I was thinking this morning about spiders. Spiders and I do not get along well. I’ve always had an irrational fear of spiders; arachnophobia would be the correct term, I guess. When I was a kid, seeing a big spider would send me running the other way, bowling over anything that happened to be in my path. I’ve gotten a bit better as an adult. Now, instead of running, I find the nearest heavy object and attempt to turn the spider into homogenized goo.

Certain spiders bother me more than others. Wolf spiders are near the top of the list, and I used to see lots of those when I lived in an old farmhouse in the mid-1980s. I didn’t sleep well in that house. I used to see lots of spiders when I was a radio engineer, taking care of a transmitter site that was a perfect spider habitat … five totally uninhabited buildings which were visited at most once a day.

A couple of years ago, I was bitten by what doctors believe was a brown recluse spider, one of the truly dangerous spiders indigenous to this part of the US. The bite left an ugly ulcer that took two or three months to heal.

Only a year ago, I encountered my first wild tarantula while driving around in south Texas. It was so big, I could have thrown an unabridged copy of Webster’s Dictionary at it and it would have thrown the thing back at me with a laugh. I would have run over it, but its fangs might have blown a tire.

Yes, I hate spiders, absolutely hate them, and I doubt that I’ll ever feel all cuddly about them the way pet spider owners do.

The strangest thing has happened recently, though.

The only spiders we see in our current house with regularity are what’s called “daddy longlegs” spiders. (Ours specifically are members of family Pholcidae, specifically “Pholcus phalangioides”. They’re sometimes called cellar spiders.) They appear mainly in the bathroom where I shower each morning, taking up residence in a corner by the ceiling.

I have been told by our exterminator that I should leave these spiders alone, because if I manage to eradicate them, the population of other types of spiders will likely explode. The long-legged fellows, apparently, love to dine on other spiders, and the enemy of my enemy should be my friend, even if he looks a lot like the enemy. That’s the theory, anyway. I have personally seen these guys subdue very large insects, and I have indeed found the carcasses of some really menacing looking spiders in the longlegs’ webs, so I guess there’s some truth to it.

Most of the time, the spiders eventually wander a little too close to the shower or sink, and meet their demise. So long as they stay in their little corner and keep their distance, I tend to ignore them. They really don’t bother me as much as some other spiders do, although I have no idea why. I’d hate to have one crawling on me, but at a distance they’re really not so offensive.
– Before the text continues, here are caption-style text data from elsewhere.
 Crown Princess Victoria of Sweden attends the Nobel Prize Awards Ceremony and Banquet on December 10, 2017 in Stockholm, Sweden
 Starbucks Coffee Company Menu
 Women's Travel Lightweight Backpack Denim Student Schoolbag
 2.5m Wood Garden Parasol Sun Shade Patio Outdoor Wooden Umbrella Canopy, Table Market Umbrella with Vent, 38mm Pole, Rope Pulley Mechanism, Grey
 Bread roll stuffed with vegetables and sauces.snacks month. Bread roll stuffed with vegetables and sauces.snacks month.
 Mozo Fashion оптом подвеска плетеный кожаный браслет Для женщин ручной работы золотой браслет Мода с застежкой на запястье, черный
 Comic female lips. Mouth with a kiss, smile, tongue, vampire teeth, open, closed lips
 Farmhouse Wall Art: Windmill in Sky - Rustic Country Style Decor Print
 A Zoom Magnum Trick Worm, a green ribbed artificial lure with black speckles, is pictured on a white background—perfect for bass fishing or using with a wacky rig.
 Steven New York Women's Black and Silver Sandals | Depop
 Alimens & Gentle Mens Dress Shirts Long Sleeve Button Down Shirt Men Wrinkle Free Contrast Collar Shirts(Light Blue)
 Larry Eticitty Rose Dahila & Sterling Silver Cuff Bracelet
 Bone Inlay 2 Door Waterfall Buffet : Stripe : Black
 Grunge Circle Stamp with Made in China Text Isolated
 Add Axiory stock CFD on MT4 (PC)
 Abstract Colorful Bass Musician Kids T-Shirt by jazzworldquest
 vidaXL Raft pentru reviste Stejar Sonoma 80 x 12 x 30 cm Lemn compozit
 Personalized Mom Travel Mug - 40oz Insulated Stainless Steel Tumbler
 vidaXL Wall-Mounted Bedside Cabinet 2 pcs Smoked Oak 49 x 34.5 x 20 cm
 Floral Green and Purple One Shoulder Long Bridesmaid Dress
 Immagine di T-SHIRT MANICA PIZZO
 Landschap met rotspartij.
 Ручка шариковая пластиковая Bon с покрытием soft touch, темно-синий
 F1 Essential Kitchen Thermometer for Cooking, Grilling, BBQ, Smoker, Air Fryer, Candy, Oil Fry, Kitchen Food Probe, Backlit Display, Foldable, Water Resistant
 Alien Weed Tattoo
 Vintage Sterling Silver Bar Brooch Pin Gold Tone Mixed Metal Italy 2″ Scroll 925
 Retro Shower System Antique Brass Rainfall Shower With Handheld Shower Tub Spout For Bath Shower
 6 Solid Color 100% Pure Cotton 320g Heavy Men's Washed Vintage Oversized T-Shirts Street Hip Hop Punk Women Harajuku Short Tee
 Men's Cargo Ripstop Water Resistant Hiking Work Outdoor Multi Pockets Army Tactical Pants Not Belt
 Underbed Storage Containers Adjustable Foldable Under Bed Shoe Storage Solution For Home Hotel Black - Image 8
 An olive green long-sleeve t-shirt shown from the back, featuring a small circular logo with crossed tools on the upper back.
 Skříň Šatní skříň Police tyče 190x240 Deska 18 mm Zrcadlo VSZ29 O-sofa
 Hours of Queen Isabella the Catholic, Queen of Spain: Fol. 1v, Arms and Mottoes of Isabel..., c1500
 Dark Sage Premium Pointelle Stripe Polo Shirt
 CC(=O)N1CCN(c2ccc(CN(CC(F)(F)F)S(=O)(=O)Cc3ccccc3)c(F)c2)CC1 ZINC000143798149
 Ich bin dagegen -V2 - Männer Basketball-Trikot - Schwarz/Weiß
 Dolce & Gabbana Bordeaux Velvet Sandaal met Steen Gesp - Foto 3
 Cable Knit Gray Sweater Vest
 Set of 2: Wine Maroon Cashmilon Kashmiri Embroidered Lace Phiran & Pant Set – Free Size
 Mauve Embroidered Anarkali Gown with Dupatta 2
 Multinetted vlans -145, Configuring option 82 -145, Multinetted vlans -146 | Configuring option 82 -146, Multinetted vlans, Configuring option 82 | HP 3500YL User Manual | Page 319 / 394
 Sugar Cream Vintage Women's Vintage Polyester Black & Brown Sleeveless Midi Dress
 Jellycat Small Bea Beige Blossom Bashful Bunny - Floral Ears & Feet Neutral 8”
A few weeks ago, a medium-sized spider appeared in the corner. I left him alone. Over the next few days, it stayed there, and seemed to be getting a steady diet of small flies, small spiders, and other arthropods. It got bigger very quickly. I grew fascinated. One night, while I was doing nature’s bidding, I looked up and noticed the spider had caught a small moth. I watched in fascination. It didn’t bite the moth right away, it simply started throwing silk. Pretty soon it had wrapped the moth in a solid coccoon of silk, totally immobilizing it. It then approached from another angle and made a little hole in the silk, then bit once and backed away. A few moments later, it closed in again and began to eat. I’d never seen this process up-close before, it was amazing.

The spider is still there, and we’ve kept up this uneasy truce. He stays in his corner, and I leave him be. He gets a bit more active in the morning when I’m showering … perhaps the steamy air gives him some needed moisture. In spite of my fear and loathing of spiders in general, it’s almost as though I’d miss this one if I went to the shower one morning and he wasn’t there. Of course, I’d also wonder where he’d gone and whether I’d encounter him in closer quarters later on, unexpectedly.

I’ve read up on these spiders. The females can live for three years, but only indoors. They originated in the tropics and could not survive winter in most parts of the US. The males live for one year … they reach sexual maturity at that age, mate once, and then die. The female doesn’t kill or eat the male, he just stays close by and expires when his work is done. I was amazed to find that spiders even live as long as a year. It seems an incredibly long life span for something so small.

Whether it’s a sign of insanity or just a sign of deeper understanding, I don’t know. I’m not going to go so far as to name it, but I’m going to let the spider stay as long as he wants, so long as he stays out of my way. It’s actually kind of fun to watch him feed, tend his web, and grow.

Things at home are quiet, for the moment. Alexis meets with her counselor again tonight, and her probation officer has asked to be present. The highlight of our last counseling session was her assertion that lying is “basically OK”. Also Yvette went into her room today and found, written in indelible marker over most of her furniture, the words “I HATE SCOTT”. It just makes me feel all warm inside.

1 Comment


  1. I was wondering if the daddy long leg spider could be used as an effective predator for pest control in the greenhouse(encosed gardens hydroponics etc..).